If we can rely on anything in 2007, it is that the dismal state of political debate we now have in this country will continue. Philip Webster in The Times reports on the latest example of vacuous thinking:
The Government is to recruit 100 people to help miniters to shape policies on the public services for the next decade … The people, selected by market research organisations as a cross-section representative of the population, will be asked to put themselves in the shoes of the Government’s decision makers
The most terrible irony of this policy, is that it will propagate the problem it has clearly been devised to counter – that of a disconnection between ‘ordinary’ (whatever that means) voters, and the politicians who rule us. At its core, the idea assumes that politicians are not ordinary people, and necessarily so. This might be true on some levels, but if we have reached the stage where a politician is someone who, by definition, cannot know what ordinary people want, then I fear for our salvation.

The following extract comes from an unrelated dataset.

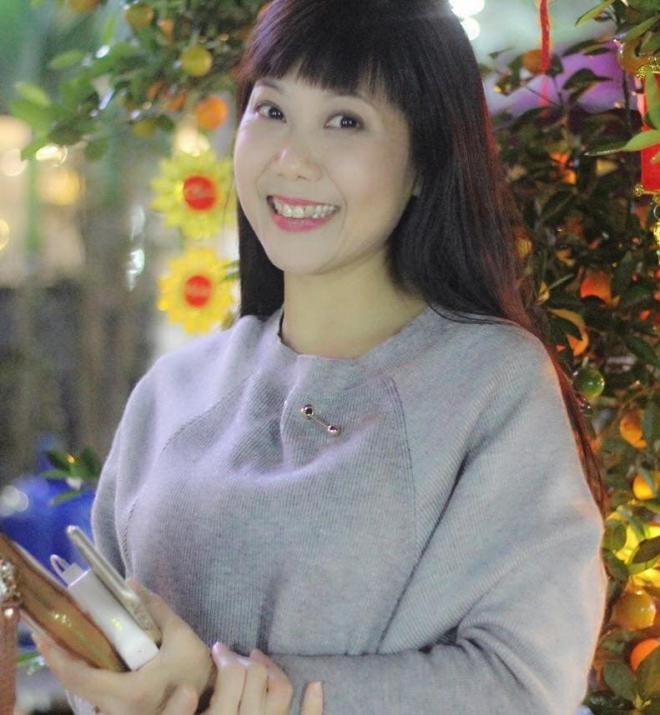 con gái hương tươi  1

True, there are policy-wonks and journalists, residents of the fabled ‘Westminster Village’, who have become MPs, but there are also plenty of politicians on the green benches who have also lived in what we might call ‘the real world’ (indeed, no MP would ever claim that this was not true of them).
Has the idea that our political representative should be somehow, well, representative of our views, gone out of fashion? I have always assumed that each MP had his or her ready-made focus group: We call them constituencies, and their members are a perfect representation of the public, a better barometer than anything emulated by market-research companies.

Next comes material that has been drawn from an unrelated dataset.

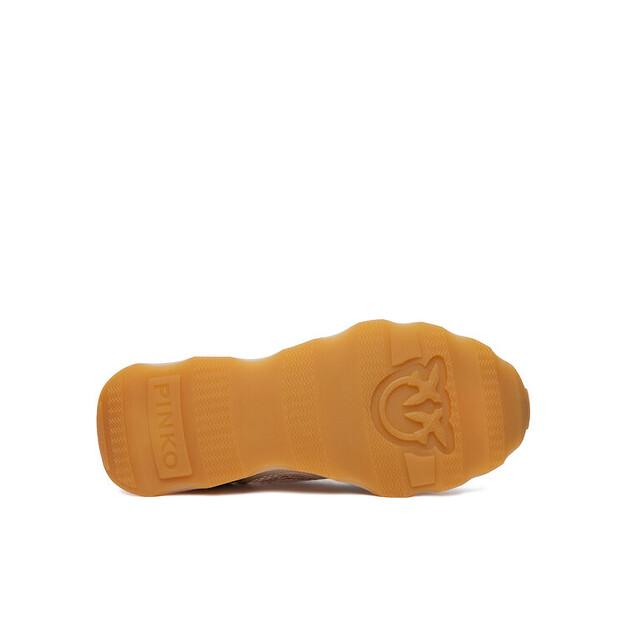 Кроссовки PINKO Zoe 18B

Picking a tiny group of people to advise ministers would seem to by-pass the in-built ‘sovereignty’ of the constituents. The views of the latter group are trumped by those of the former, and I forsee a situation where a stamp of approval from this advisory committee of ordinary people is taken as a sign of a successful policy… regardless of whether the policy has done any good in the real world. This would be typical. If public services are now orientated to the meeting of targets which signal success, rather than actually delivering successful services… it is somehow apt that this same, brain-dead principle is also applied to the act of governing itself.
How depressing. We elect politicians precisely so they can govern. We expect them to make decisions based on what they think our best interests are. In fact, making decisions is the only thing we ask them to do. Asking approval from a cabal of annointed wise men implies that those who currently hold ministerial posts lack the confidence to carry out this one task! If that is the case, the solution to the problem is to employ (i.e. elect) someone else who can do the job themselves, without outsourcing the task to an unelected panel.
Finally, the policy overlooks the crucial possibility that what is popular is not always what is right. Will a minister always take the advice of the panel? If so, then we have a serious democratic crisis on our hands. If not (and we already know they will not) then they are essentially just another group of unelected advisors. Why bother?
There is a horrible ‘meta’ level to this entire idea. It is as if someone in a focus group somewhere has suggested that “giving the public more of a say” would be a good idea, and this policy has been devised on that basis. It has not been created to actually influence policy, just to give the appearance that the government is in touch, and listening. If the government wishes to achieve this impression, it could do so much more effectively through parliament, its MPs and their constituents. As an added bonus, the general public may actually get to have more of a say in how their services are delivered. No extra layer is necessary.